I haven't really read much poetry since college... the only one I could really remember much of was "If" by Rudyard Kipling, thanks to a fragment quoted in "Harriet the Spy": "If you can keep your head when all about you/ Are losing theirs and blaming it on you;" But it wasn't really doing much for me. So I chose to use the lyrics of "Someday" by Sugar Ray.
This was a double-edged sword for me. That song was playing in heavy rotation the summer that my mother died, and I knew I'd never hear it again without thinking of her. When my father died, I added those memories on as well. Which is fine, when the song comes on the car radio and you can lose yourself for a moment, then move on.
But I found myself delaying printing out the pictures I wanted to use.
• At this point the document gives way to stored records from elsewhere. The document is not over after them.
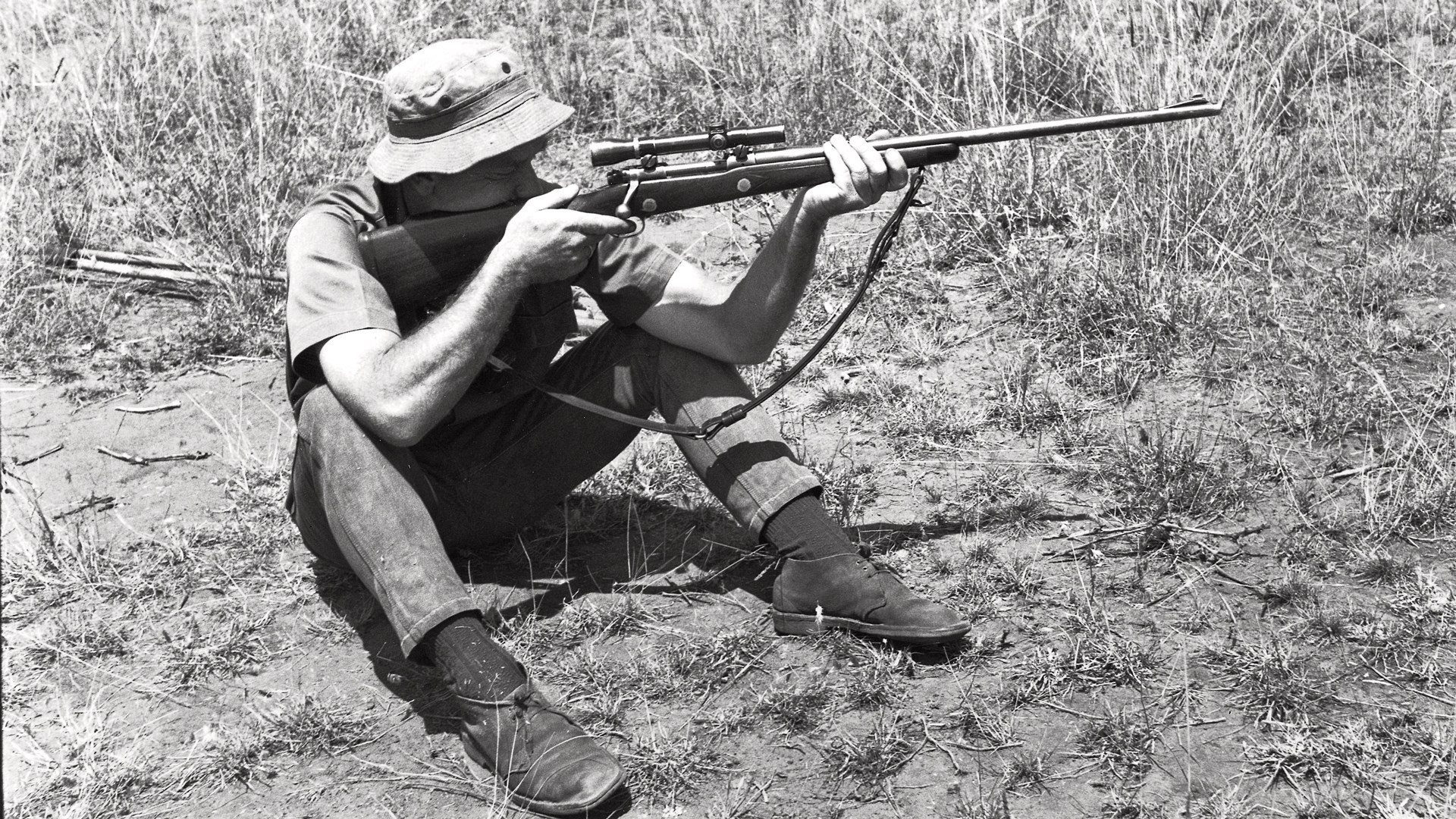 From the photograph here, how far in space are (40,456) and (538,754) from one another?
2.69m

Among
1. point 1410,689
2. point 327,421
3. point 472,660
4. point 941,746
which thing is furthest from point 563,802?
point 1410,689

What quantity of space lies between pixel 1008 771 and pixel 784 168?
1.57 metres

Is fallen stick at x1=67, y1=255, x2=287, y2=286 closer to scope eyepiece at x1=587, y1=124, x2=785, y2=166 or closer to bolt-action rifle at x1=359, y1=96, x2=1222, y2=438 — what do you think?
bolt-action rifle at x1=359, y1=96, x2=1222, y2=438

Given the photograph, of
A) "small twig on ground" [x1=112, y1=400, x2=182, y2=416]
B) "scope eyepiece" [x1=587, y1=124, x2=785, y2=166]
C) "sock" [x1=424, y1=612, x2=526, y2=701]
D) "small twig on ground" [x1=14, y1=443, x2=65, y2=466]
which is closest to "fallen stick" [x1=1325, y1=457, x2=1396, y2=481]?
"scope eyepiece" [x1=587, y1=124, x2=785, y2=166]

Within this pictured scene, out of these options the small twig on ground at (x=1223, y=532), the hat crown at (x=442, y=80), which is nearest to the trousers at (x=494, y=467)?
the hat crown at (x=442, y=80)

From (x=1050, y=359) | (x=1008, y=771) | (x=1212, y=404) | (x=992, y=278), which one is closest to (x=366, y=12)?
(x=992, y=278)

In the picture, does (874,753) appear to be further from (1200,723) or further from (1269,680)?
(1269,680)

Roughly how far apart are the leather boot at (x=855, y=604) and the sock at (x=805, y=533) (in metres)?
0.02

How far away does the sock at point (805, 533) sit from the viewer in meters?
3.33

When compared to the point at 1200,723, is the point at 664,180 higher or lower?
higher

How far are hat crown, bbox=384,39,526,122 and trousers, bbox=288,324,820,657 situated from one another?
0.72 metres

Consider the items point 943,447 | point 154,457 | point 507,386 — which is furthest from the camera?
point 154,457

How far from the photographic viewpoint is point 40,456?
4.58 m

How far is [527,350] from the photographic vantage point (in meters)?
3.58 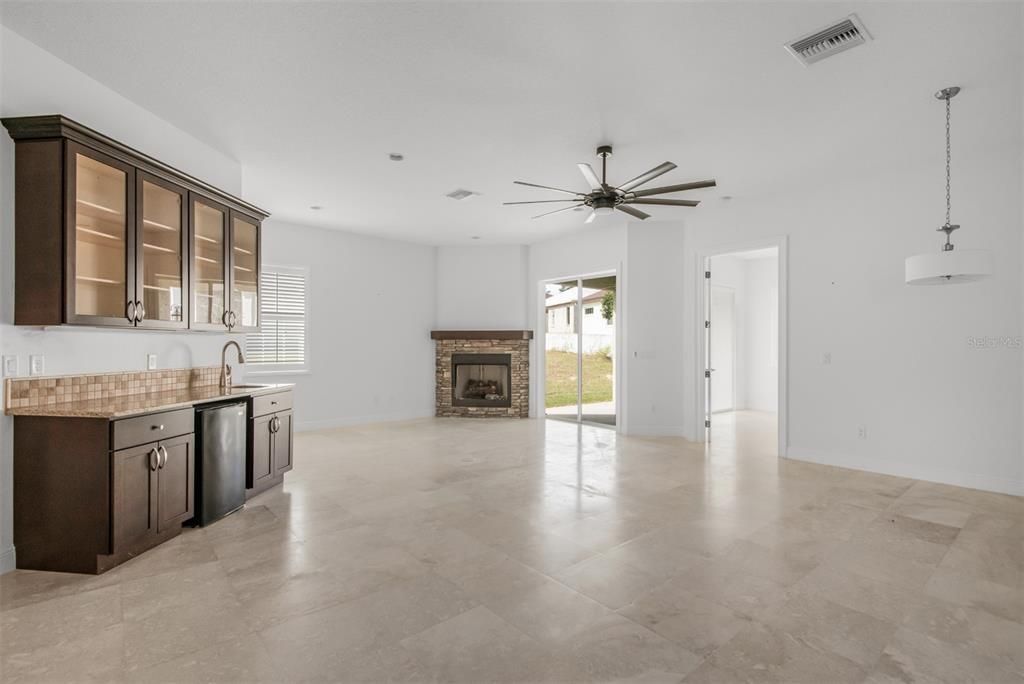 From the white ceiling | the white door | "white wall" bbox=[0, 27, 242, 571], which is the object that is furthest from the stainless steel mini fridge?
the white door

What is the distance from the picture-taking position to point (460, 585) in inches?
106

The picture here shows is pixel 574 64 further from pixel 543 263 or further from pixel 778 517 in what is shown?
pixel 543 263

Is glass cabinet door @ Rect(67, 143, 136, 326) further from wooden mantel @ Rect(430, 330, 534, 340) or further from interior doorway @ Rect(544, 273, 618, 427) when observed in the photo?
interior doorway @ Rect(544, 273, 618, 427)

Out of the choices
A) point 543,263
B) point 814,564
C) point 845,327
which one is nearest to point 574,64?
point 814,564

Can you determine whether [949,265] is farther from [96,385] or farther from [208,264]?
[96,385]

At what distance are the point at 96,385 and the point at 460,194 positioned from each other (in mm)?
3764

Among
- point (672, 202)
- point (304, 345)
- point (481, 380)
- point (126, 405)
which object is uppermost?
point (672, 202)

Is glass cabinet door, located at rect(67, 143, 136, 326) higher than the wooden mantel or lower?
higher

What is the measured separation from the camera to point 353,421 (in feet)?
25.8

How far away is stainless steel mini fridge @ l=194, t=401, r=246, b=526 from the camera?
350cm

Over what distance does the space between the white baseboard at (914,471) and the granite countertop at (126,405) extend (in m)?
5.47

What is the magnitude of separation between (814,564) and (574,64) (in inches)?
128

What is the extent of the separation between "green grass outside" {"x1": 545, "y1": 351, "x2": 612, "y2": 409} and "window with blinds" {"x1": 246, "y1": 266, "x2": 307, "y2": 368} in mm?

Then I delayed packing up the class materials. By the time the class rolled around that Monday, I'd accepted that I probably wouldn't make it through the class without at least tearing up.
LK's demo of a technique helped push all that to the back of my mind for a while.
I've never really used eyelets or much metal before. And my emotional vulnerability was dragging me back to habits that I normally have under (better) control: wanting to be led by the hand, wanting to do it 'right,' and all the other stuff that goes along with it. I kept asking my poor seatmate Deryn what we were supposed to be doing, and if I was doing things right. She must've been really close to stapling my mouth shut. ("There is no right way! Just do whatever the hell you want and leave me alone!") But she didn't; she just said things like, "yes, you could do it that way if you like the way it looks..." Good God. Makes me want to smack myself just thinking about it.
And then I finally started to get it when I picked up a piece of ephemera LK had brought to class, the page of a children's book in the first photo here. It was the words in the first definition of "close":
"The lamb is close to its mother."
Finally, the page plans started to unfold as the song played in my mind.
Here are some of the pages I've finished so far:
She was so kind. She just let me get it out, and hugged me about three times.
I suppose I'm not the first to melt down in or after a class, but it meant a great deal to me that she listened. I was so touched, especially considering that she had so much worrisome stuff going on at home while she had to teach 3,000 miles away. I will never forget that.
Just posting this makes me feel kind of raw. Yet and still, I need to express it more than I worry about how it will look or sound.
And th-th-th-that's art, folks. Remind me to post pictures of the book as I go.